Dequantize packed NF4 values back to floating-point.

This function reverses the NF4 quantization by: 1. Unpacking two 4-bit values from each uint8 byte 2. Converting 4-bit indices to NF4 codebook values using polynomial approximation 3. Scaling by per-block absmax values 4. Flattening back to original feature dimension

Parameters
  • packed_values (jax.Array) – uint8 array with packed 4-bit values. Shape (…, num_blocks, block_size // 2).

  • absmax (jax.Array) – Absolute maximum per block used during quantization. Shape (…, num_blocks).

  • block_size (int) – Number of elements per quantization block. Must match the value used during quantization.

Returns

Dequantized float32 array with shape (…, num_blocks * block_size),

which equals the original feature dimension.

Return type

jax.Array

Example

>>> # Given packed data from single_quantize_and_pack_nf4
>>> reconstructed = single_dequantize_nf4(packed, absmax, block_size=64)
>>> reconstructed.shape  # Original shape restored

Note

Uses a polynomial approximation (nf4xf32_to_f32) instead of table lookup for faster dequantization on accelerators.

eformer.ops.quantization.quantization_functions.single_quantize_and_pack_nf4(blocks, block_size=64)[source]#

Quantize and pack an array to NF4 format in a single pass.

This function performs block-wise NF4 quantization by: 1. Reshaping the input into blocks along the last dimension 2. Computing per-block absolute maximum values for scaling 3. Normalizing values by absmax 4. Finding nearest NF4 codebook values 5. Packing two 4-bit values into each uint8 byte

Parameters
  • blocks (jax.Array) – Input array with shape (…, features) where features must be divisible by block_size.

  • block_size (int) – Number of elements per quantization block. Defaults to 64. Must be even for packing.

Returns

A tuple containing:
  • packed (jax.Array): uint8 array with packed 4-bit values. Shape (…, num_blocks, block_size // 2).

  • absmax (jax.Array): Absolute maximum per block for dequantization. Shape (…, num_blocks).

Return type

tuple[jax.Array, jax.Array]

Example

>>> x = jnp.ones((128, 256))  # 256 features, 4 blocks of 64
>>> packed, absmax = single_quantize_and_pack_nf4(x, block_size=64)
>>> packed.shape  # (128, 4, 32) - 4 blocks, 32 bytes each
>>> absmax.shape  # (128, 4) - one scale per block

Note

This is optimized for JAX JIT compilation.

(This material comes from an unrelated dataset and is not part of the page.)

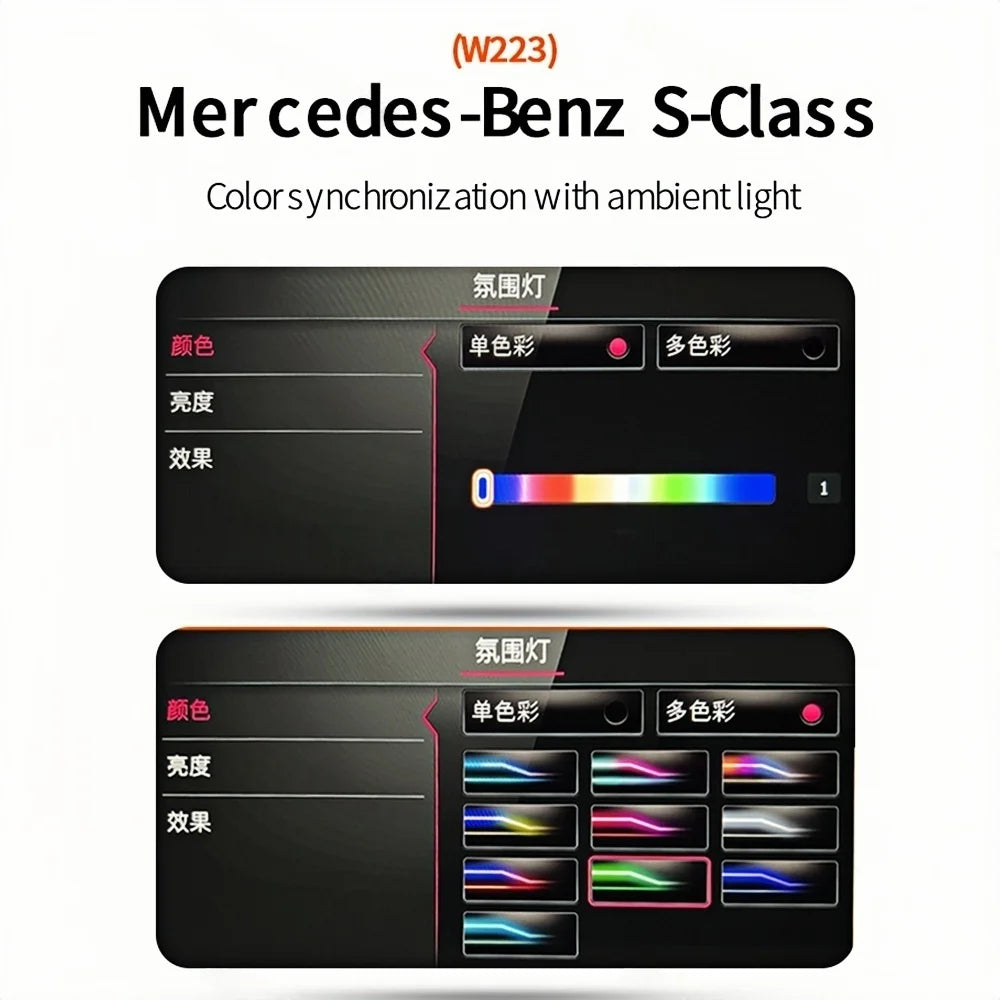 For Mercedes Benz S-Class W223 2021-2026 Colors 4D Rotating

For the high-level API, use quantize_and_pack_nf4 instead.

eformer.ops.quantization.quantization_functions.u4toi4(x)[source]#

Convert unsigned 4-bit integer to signed 4-bit integer.

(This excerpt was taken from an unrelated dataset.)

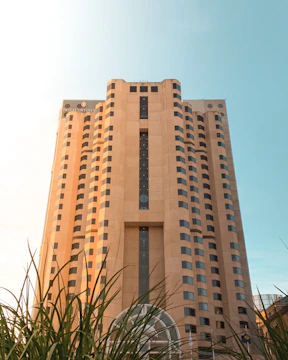 A modern office building with the Midwest Intercontinental logo.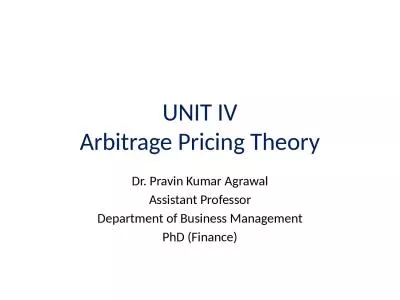 UNIT IV Arbitrage Pricing Theory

Maps unsigned values 0-15 to signed range -8 to 7. Values 8-15 become negative values -8 to -1.

Parameters

x (jax.Array) – Input array with uint4 values (0 to 15).

Returns

Output array with signed int4 values (-8 to 7).

Return type

jax.Array

Example

>>> u4toi4(jnp.array([0, 7, 8, 15]))
Array([0, 7, -8, -1], dtype=int32)
eformer.ops.quantization.quantization_functions.unpack_weights_1bit(packed: Array, dtype: dtype) Array[source]#

Unpacks a JAX array of quantized weights, matching the logic of the PyTorch original. This function concatenates the unpacked bit groups.

Parameters:#

packedjnp.ndarray

A packed jnp.uint8 array.

dtypejnp.dtype

The dtype of the returned array (e.g., jnp.int8). This is a static argument for JIT.

Returns:#

jnp.ndarray

An unpacked array with ternary values {-1, 0, 1}.